From childhood, I was told we originally began changing the clocks in Spring and Fall to benefit farmers, but that’s a myth. Actually, farmers don’t benefit from it at all and would prefer to leave the clocks alone. Their day is pretty much dictated by daylight and the sun. Livestock have their own natural rhythms governed by daylight. Chickens and cows do not adhere to clock changes.

From BritannicaProCon.org, “DST was implemented in the United States nationally on March 31, 1918, as a wartime effort to save an hour’s worth of fuel (gas or oil) each day to light lamps and coal to heat homes. It was repealed nationwide in 1919, and then maintained by some individual localities (such as New York City) in what Time Magazine called “a chaos of clocks” until 1966 when the Uniform Time Act made DST consistent nationwide.”

“DST has been “permanently” implemented nationwide twice, once during World War II and once in the 1970s. In the winter of 1973-1974, DST was used to conserve fuel during the energy crisis.”

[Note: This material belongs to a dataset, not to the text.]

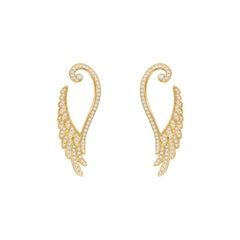 Garrard 'Wings Embrace' 18 Karat Yellow Gold and White Diamond Earrings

There are definitely pros and cons to using Daylight Saving Time.

The Pros:

  • Longer daylight hours promote safety. They make driving safer, lower accident rates, and lower the risk of pedestrians getting hit by a car. Daylight in the evening makes it safer for joggers, dog walkers, and kids playing outside. Additionally, some economists maintain that robberies drop about 27% in the evening hours after the spring time change since, they claim, most street crime occurs in the evening between 5-8 pm. It’s harder to pull off a crime in the daylight.

  • Daylight Saving Time is good for the economy. More people tend to shop and go out to restaurants after work when it’s still light out.

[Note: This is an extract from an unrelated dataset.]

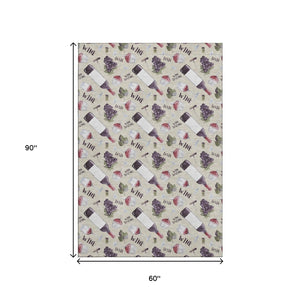 HomeRoots 5' X 8' Stylish Geometric Area Rug in Ivory, Purple & Green - Machine Washable & UV Protected! 645549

  • DST encourages a healthier lifestyle. People tend to get out in the evenings and engage in outdoor activities rather than stay in and watch TV.

    The Cons:

  • Clock changes are bad for your health. Losing one hour of sleep upsets a person’s natural circadian rhythm which affects them negatively. Researchers have reported increases in heart attacks and cluster headaches following the time changes. Also, auto and workplace accidents reportedly increase and more fatal car accidents occur in the days following the spring time change.

  • Productivity drops following the spring time change because workers feel sleep deprived… because they are.

  • One economist estimates that the act of changing all the clocks in your house costs Americans “~$1.7 billion in lost opportunity cost based on average hourly wages, i.e. the 10 or so minutes spent moving devices forward and backward twice a year could be spent on something more productive”.

Some food for thought!

A few DST factoids:

  • DST is generally not observed near the Equator, where sunrise and sunset times do not vary enough to justify it or at higher latitudes where the sun disappears for months at a time and then doesn’t set at all at other times. An hour's time change would do nothing for these folks.

  • Port Arthur, Ontario, Canada, was the first city in the world to enact DST, on 1 July 1908.

  • Canada has used DST the longest, at 111 years; the U.S. has used DST for 106 years.

  • 71 countries used Daylight Saving Time in 2023, while 9 countries used DST in some jurisdictions and not others (like the United States).

  • In 1916, Germany became the first country to adopt Daylight Saving Time officially as an effort to conserve coal during WWl.

On March 16, 2022, the U.S. Senate unanimously approved a measure called the Sunshine Protection Act which would have made Daylight Saving Time permanent… no more clock changes. (Spoiler alert: it was kind of a surprise vote and several senators weren’t present for the voice vote.) The House of Representatives, however, never brought it to a vote, so it never passed.

So we’ll fall behind again on November 5th, 2023. At least I’ll get my hour back!

What are your thoughts on DST? Keep changing clocks? Make DST permanent? Get rid of DST?